This season, SASUPHI presented its Autumn/Winter 2026 collection during Milan Fashion Week, offering a focused study in what the brand calls the Architecture of Femininity. The collection builds on the house’s Milanese sensibility, positioning the SASUPHI woman as cultured, intuitive, and quietly powerful.
This season reads as a distilled expression of the label’s identity. Milan itself functions as both influence and framework, reflecting a city shaped by layered eras and disciplined design thinking. The result is a collection grounded in restraint yet alive with subtle tension.
At the core of the AW26 SASUPHI collection sits knitwear, which moves beyond its traditional supporting role to become the primary architectural element of the wardrobe. Cashmere and silk form the foundation, reinforcing the brand’s ongoing commitment to material integrity.
Chunky cashmere rendered in a vertically graphic English rib establishes strong silhouettes across the lineup. Bell shaped capes, sculptural skirts, and padded collars conceived almost as jewelry pieces demonstrate how knit becomes form, not embellishment. Oversized wide brimmed hats continue this structural language, reinforcing the collection’s graphic clarity.
Here, knitwear functions as the framework of the look, not an afterthought.
Around this knit driven core, the wardrobe expands through a refined approach to tailoring. Soft, deconstructed cashmere and wool suits introduce ease without sacrificing authority, while silk tailoring subtly reframes traditional formality.
The silhouettes remain graphic but never rigid. The SASUPHI woman adjusts her look instinctively as the day progresses, recalibrating proportion, texture, and color with quiet confidence. The collection avoids hard transitions between day and evening, instead presenting a fluid wardrobe built for continuous movement.
Texture plays a central role in shaping the visual rhythm of AW26. Checked and herringbone wools establish a tailored backbone, while liquid silks in silver and gold introduce moments of controlled unpredictability.

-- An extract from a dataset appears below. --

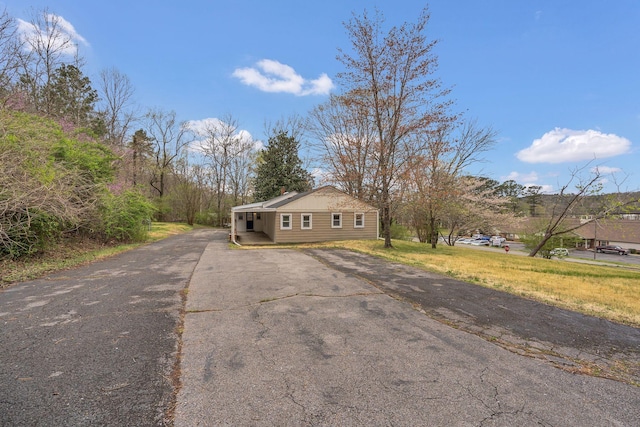 view of front facade featuring aphalt driveway and a chimney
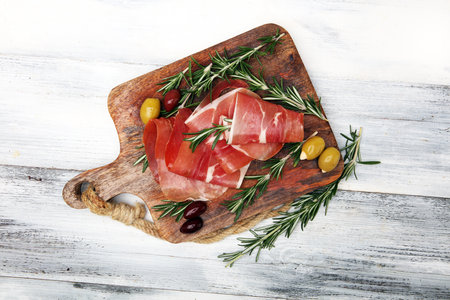 Italian prosciutto crudo or jamon with rosemary. Raw ham appetizerの写真素材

Duchesse, silk twill, and double satin add further dimension, creating a dialogue between structure and fluidity. Fabric selection begins with tactility and comfort against the skin, underscoring the brand’s emphasis on garments that deliver both presence and ease.
Italian craftsmanship remains the discipline anchoring the entire collection.
The palette draws directly from Milan’s urban identity. Navy, bordeaux, grey, military green, and camel ground the collection, while black and white define its architectural clarity.
Into this restrained base, SASUPHI introduces carefully placed accents of mint, pink, lemon yellow, light blue, and orange red. These moments of color are used with intention, sharpening silhouettes and creating visual rhythm. Metallic silver and gold appear sparingly, functioning as deliberate interruptions within the otherwise controlled composition.
Autumn/Winter 2026 also marks a notable expansion for the brand with the introduction of its first shoe, PHI, developed in collaboration with Diego Dolcini.
Guided by the Golden Ratio, a mathematical principle associated with balanced proportion, the design is built around a considered mid heel intended for both day and evening wear. The shoe pairs soft black leather with colored duchesse silk, maintaining the collection’s focus on material contrast.
Styled with black cashmere gaiters, PHI evolves visually into a boot, reinforcing the collection’s graphic discipline.
The show took place at Fondazione Giangiacomo Feltrinelli, the Herzog and de Meuron designed cultural space that embodies Milan’s ongoing dialogue between heritage and modernity.
The venue choice was deliberate. Much like the collection itself, the architecture reflects a city that continues to evolve while maintaining its cultural foundation. Within this setting, SASUPHI’s Autumn/Winter 2026 offering felt precisely calibrated to its environment.
With the Architecture of Femininity, SASUPHI refines its language with notable clarity. The collection does not rely on excess to communicate strength. Instead, it builds authority through proportion, material intelligence, and disciplined design.